■ **WORK TO BE COMPLETED**: Word for word, copy the line containing "Obraz premium Technology" and every line after it in the records below, leaving pictures out.

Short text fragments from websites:
- Opening Delimiter -

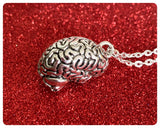 HAND CRAFTED 3D SILVER BIG BRAIN ANATOMY NECKLACE PSYCHOLOGY QUIRKY ZOMBIE RETRO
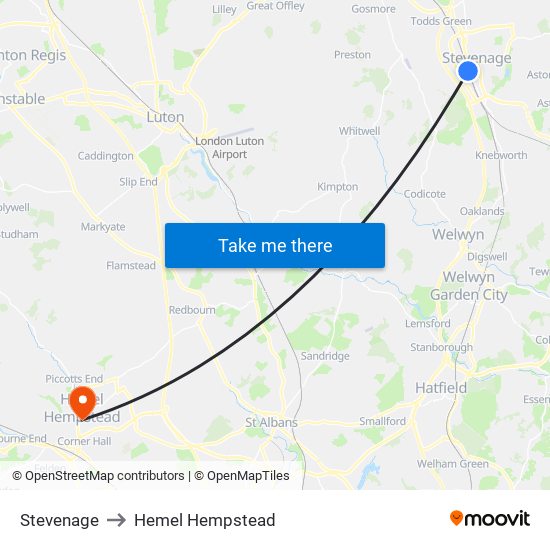 Stevenage to Hemel Hempstead map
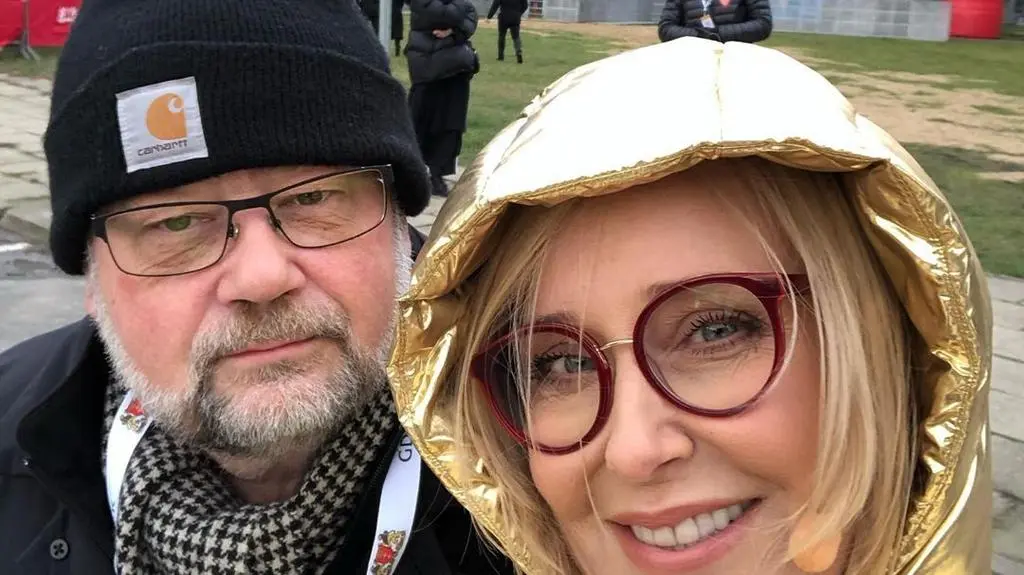 Agata Młynarska na finale WOŚP w Gdańsku z bratem ś.p. Pawła Adamowicza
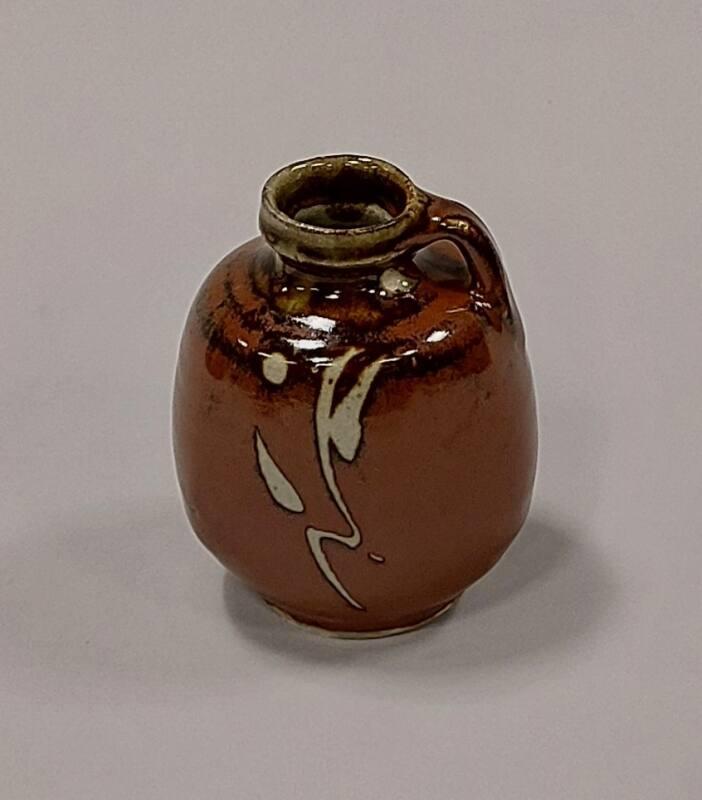Stoneware Bottle Vase with Kaki Glaze and Wax Resist Decoration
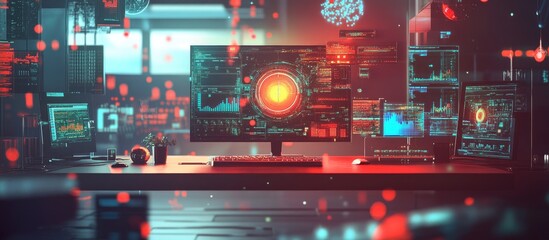 Obraz premium Technology themed illustration featuring a computer and a table showcasing a multi exposure concept of information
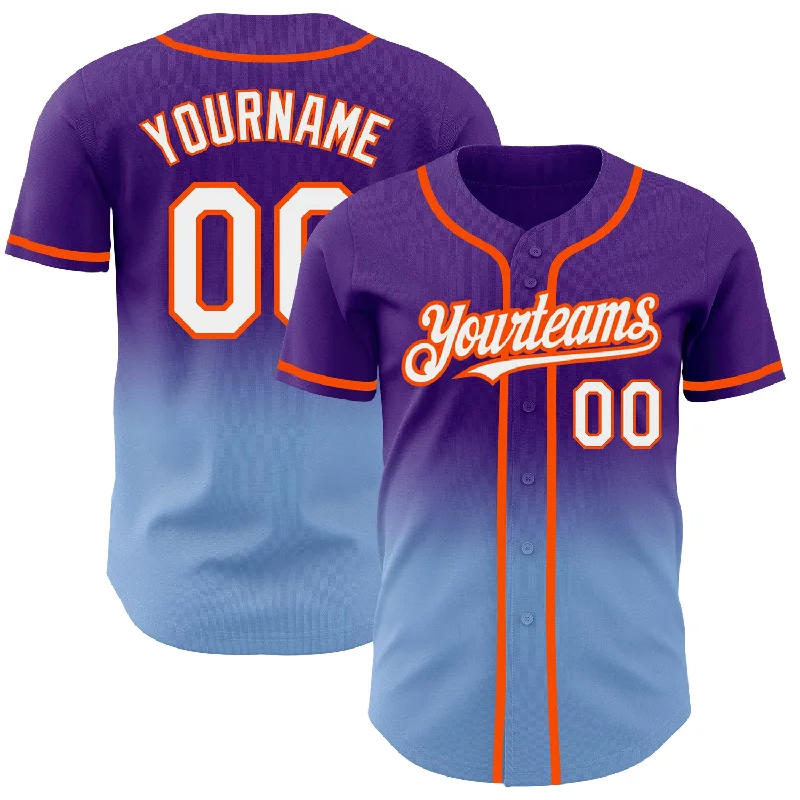 Baseball Jersey For School Merchandise Customization-Custom Purple White Light Blue-Orange Authentic Fade Fashion Baseball Jersey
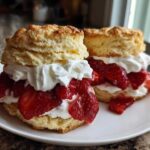 Two servings of Gluten-Free Strawberry Shortcake Biscuits layered with fresh strawberries and whipped cream on a white plate.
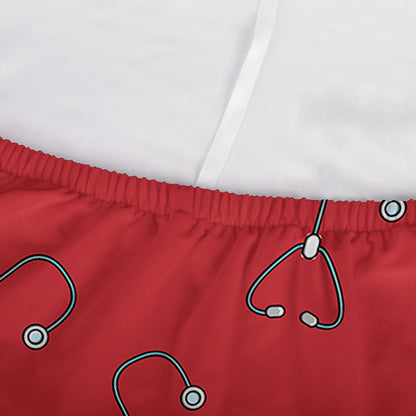 Red Stethoscope Pattern Print Sofa Cover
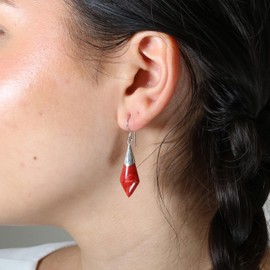 ISLAND PIERCINGS 925 Silver Drop Earrings Red Stone SER328, Sterling Silver, Coral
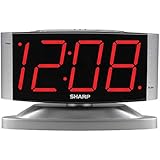 SHARP Home LED Digital Alarm Clock â€“ Swivel Base - Outlet Powered, Simple Operation, Alarm, Snooze, Brightness Dimmer, Big Red Digit Display, Silver Case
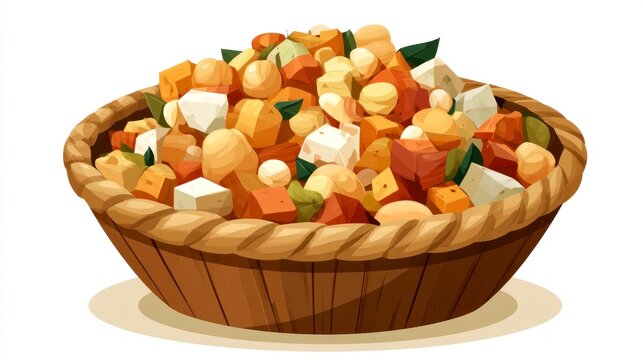 Healthy Roasted Chickpea and Sweet Potato Bowl with Tofu and Greens in a Wooden Basket, Vector Illustration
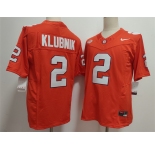 Men's Clemson Tigers #2 Cade Klubnik Orange F.U.S.E. Stitched Football Jersey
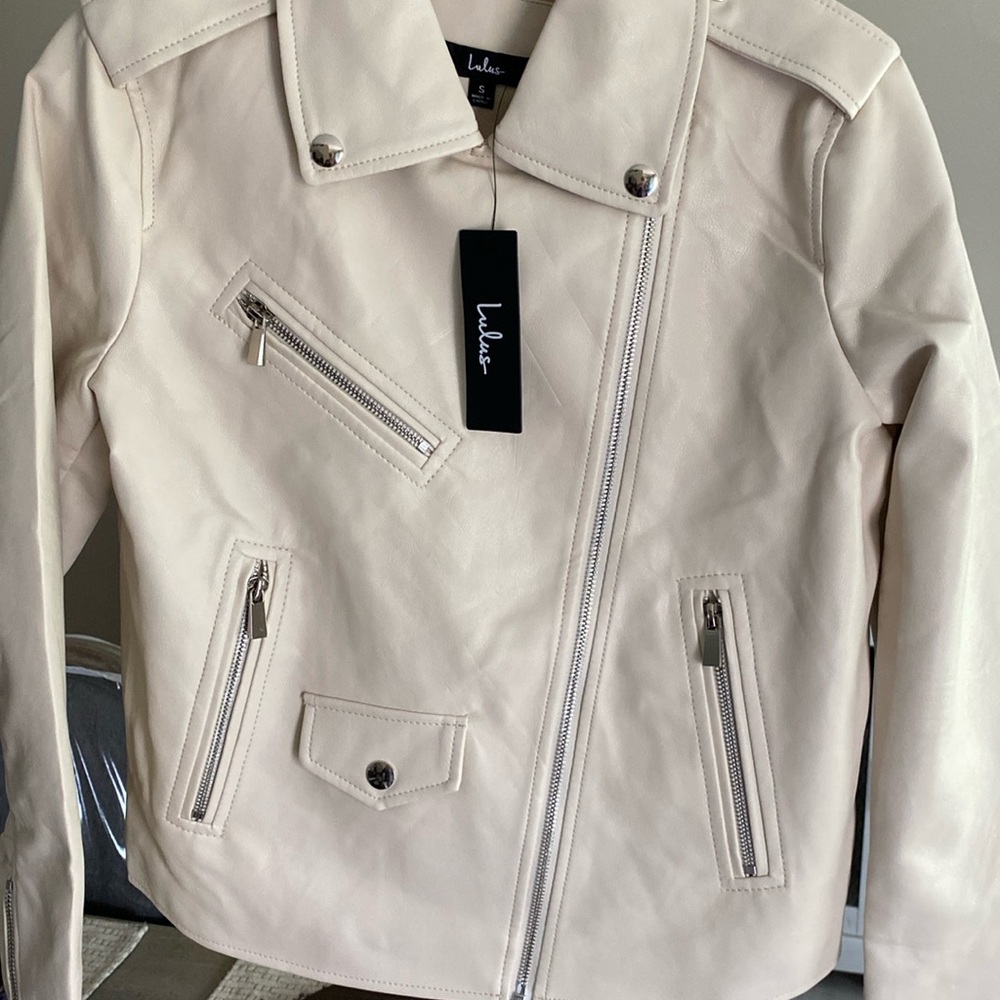 Lulu's Ivory Faux Leather Jacket - Picture 6 of 7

- Closing Delimiter -

■ **ANSWER FOR THIS EXERCISE**:
 Obraz premium Technology themed illustration featuring a computer and a table showcasing a multi exposure concept of information
 Baseball Jersey For School Merchandise Customization-Custom Purple White Light Blue-Orange Authentic Fade Fashion Baseball Jersey
 Two servings of Gluten-Free Strawberry Shortcake Biscuits layered with fresh strawberries and whipped cream on a white plate.
 Red Stethoscope Pattern Print Sofa Cover
 ISLAND PIERCINGS 925 Silver Drop Earrings Red Stone SER328, Sterling Silver, Coral
 SHARP Home LED Digital Alarm Clock â€“ Swivel Base - Outlet Powered, Simple Operation, Alarm, Snooze, Brightness Dimmer, Big Red Digit Display, Silver Case
 Healthy Roasted Chickpea and Sweet Potato Bowl with Tofu and Greens in a Wooden Basket, Vector Illustration
 Men's Clemson Tigers #2 Cade Klubnik Orange F.U.S.E. Stitched Football Jersey
 Lulu's Ivory Faux Leather Jacket - Picture 6 of 7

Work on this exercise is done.